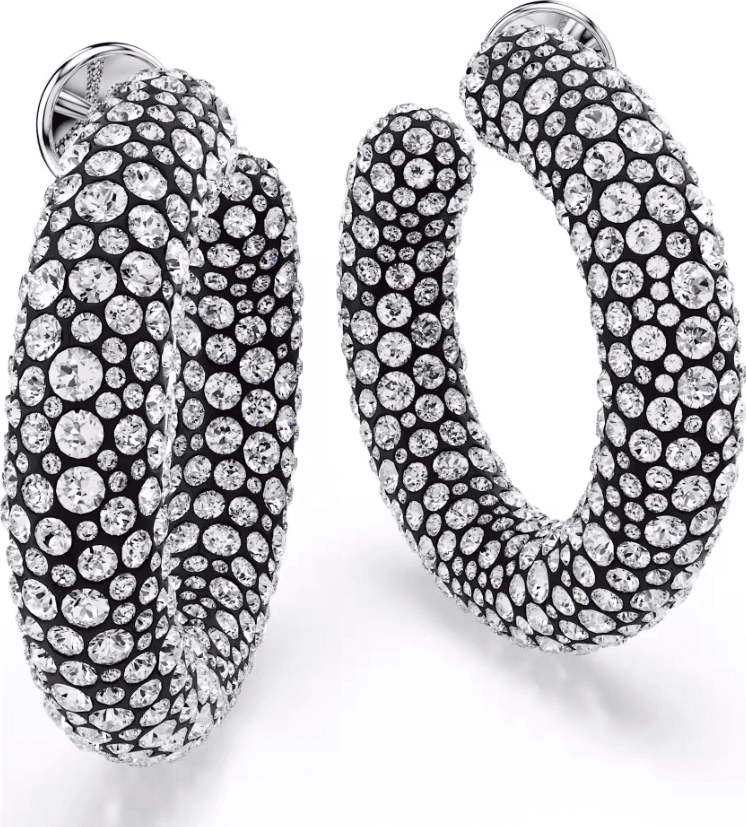 SWAROVSKI -  Orecchini a cerchio Sublima Tagli arrotondati misti, Bianchi, Placcato rodio - 3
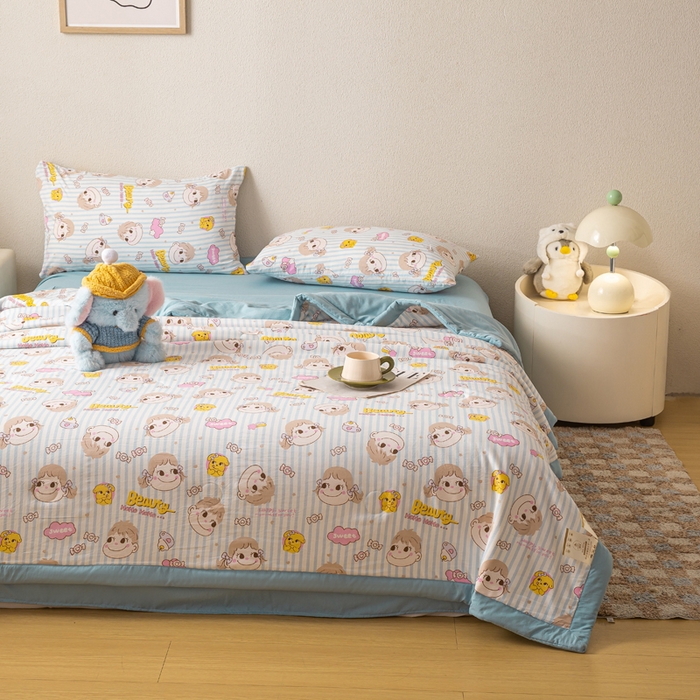 91家纺网 家纺一手货源 找家纺 爱屋及屋 2026新款水洗棉印花夏被夏凉被被子被芯 唐小佳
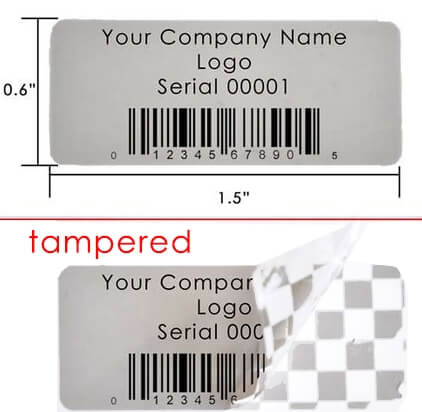 250 TamperColor® Grey Custom Printed Security Labels: Tamper Evident, Rectangle 1.5" x 0.6" (38mm x 15mm) >Click on item details to customize.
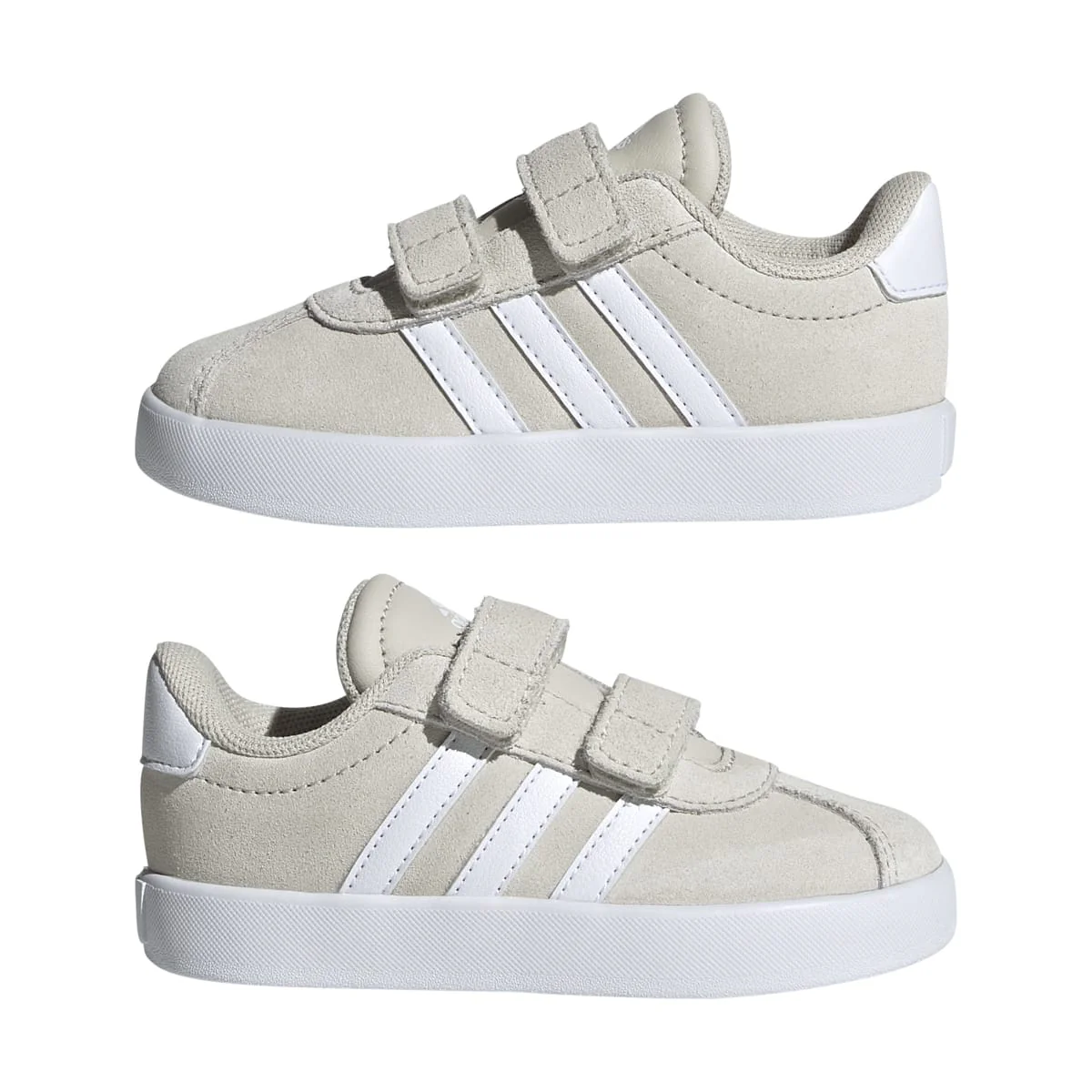 Sneakers beige da bambino e bambina effetto scamosciato adidas VL Court 3.0 - Image 2
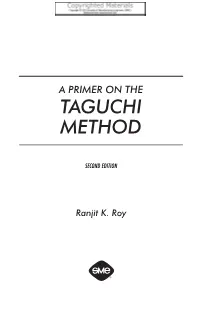 A Primer on the Taguchi Method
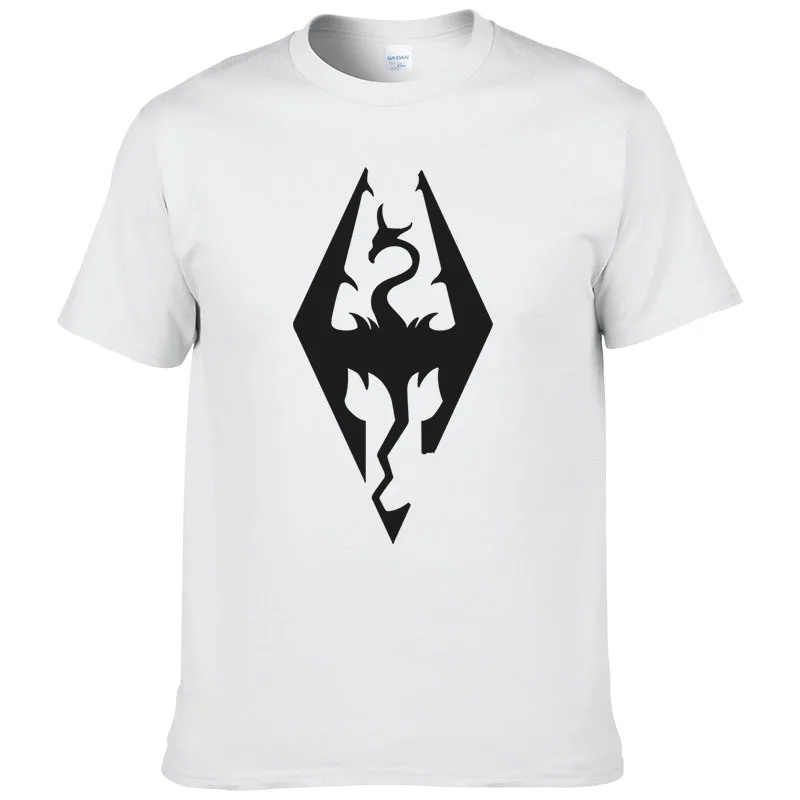 

THE ELDER SCROLLS SKYRIM LOGO T Shirt Men Tops Cotton Short Sleeves Tee Euro Size XS~XXXL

━━━━

ASSIGNED TASK: Instruction for this listing: copy it exactly, but leave the images behind.

RESULT OF THE EXERCISE:
 SWAROVSKI -  Orecchini a cerchio Sublima Tagli arrotondati misti, Bianchi, Placcato rodio - 3
 91家纺网 家纺一手货源 找家纺 爱屋及屋 2026新款水洗棉印花夏被夏凉被被子被芯 唐小佳
 250 TamperColor® Grey Custom Printed Security Labels: Tamper Evident, Rectangle 1.5" x 0.6" (38mm x 15mm) >Click on item details to customize.
 Sneakers beige da bambino e bambina effetto scamosciato adidas VL Court 3.0 - Image 2
 A Primer on the Taguchi Method

THE ELDER SCROLLS SKYRIM LOGO T Shirt Men Tops Cotton Short Sleeves Tee Euro Size XS~XXXL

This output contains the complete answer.